Problem description = In the entries below, find the line with "thumbnail image 3" and the line with "capsules (JRW-30006) Фолиевая"; reproduce those two lines and all lines between them exactly, without pictures.

Entries provided =
────────────────────
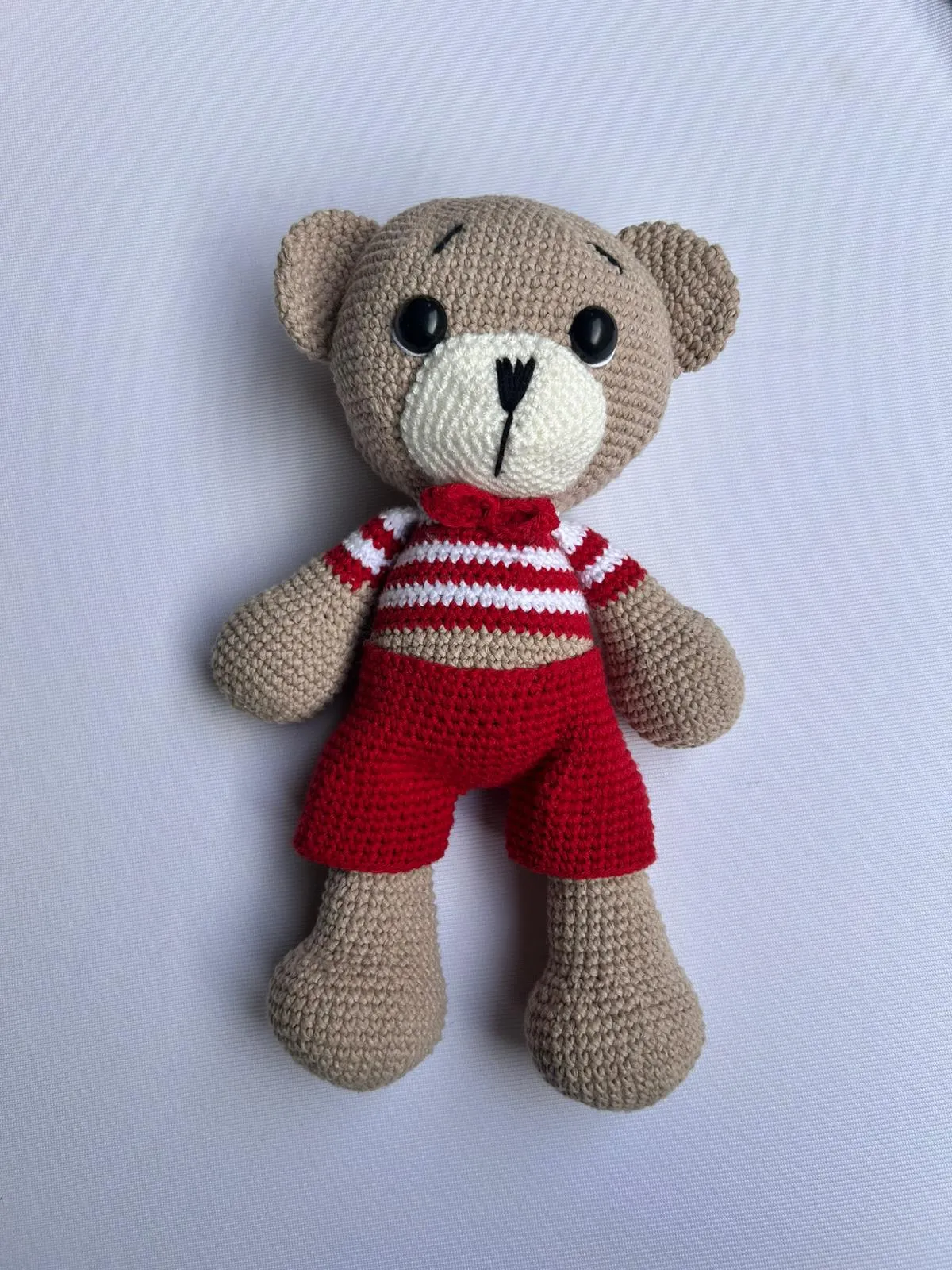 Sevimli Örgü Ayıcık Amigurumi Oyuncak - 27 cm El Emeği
────────────────────
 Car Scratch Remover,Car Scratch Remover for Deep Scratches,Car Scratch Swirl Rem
────────────────────
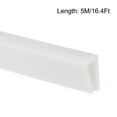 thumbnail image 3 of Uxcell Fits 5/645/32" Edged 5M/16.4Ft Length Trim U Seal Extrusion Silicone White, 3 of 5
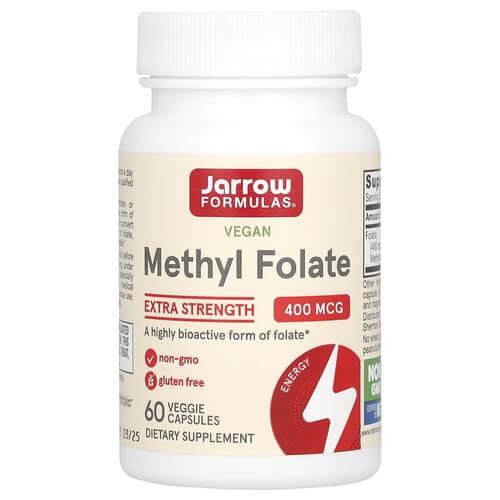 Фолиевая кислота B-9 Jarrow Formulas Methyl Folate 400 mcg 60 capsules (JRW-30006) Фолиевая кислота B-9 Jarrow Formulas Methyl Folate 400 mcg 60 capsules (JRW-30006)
────────────────────
Solution =
 thumbnail image 3 of Uxcell Fits 5/645/32" Edged 5M/16.4Ft Length Trim U Seal Extrusion Silicone White, 3 of 5
 Фолиевая кислота B-9 Jarrow Formulas Methyl Folate 400 mcg 60 capsules (JRW-30006) Фолиевая кислота B-9 Jarrow Formulas Methyl Folate 400 mcg 60 capsules (JRW-30006)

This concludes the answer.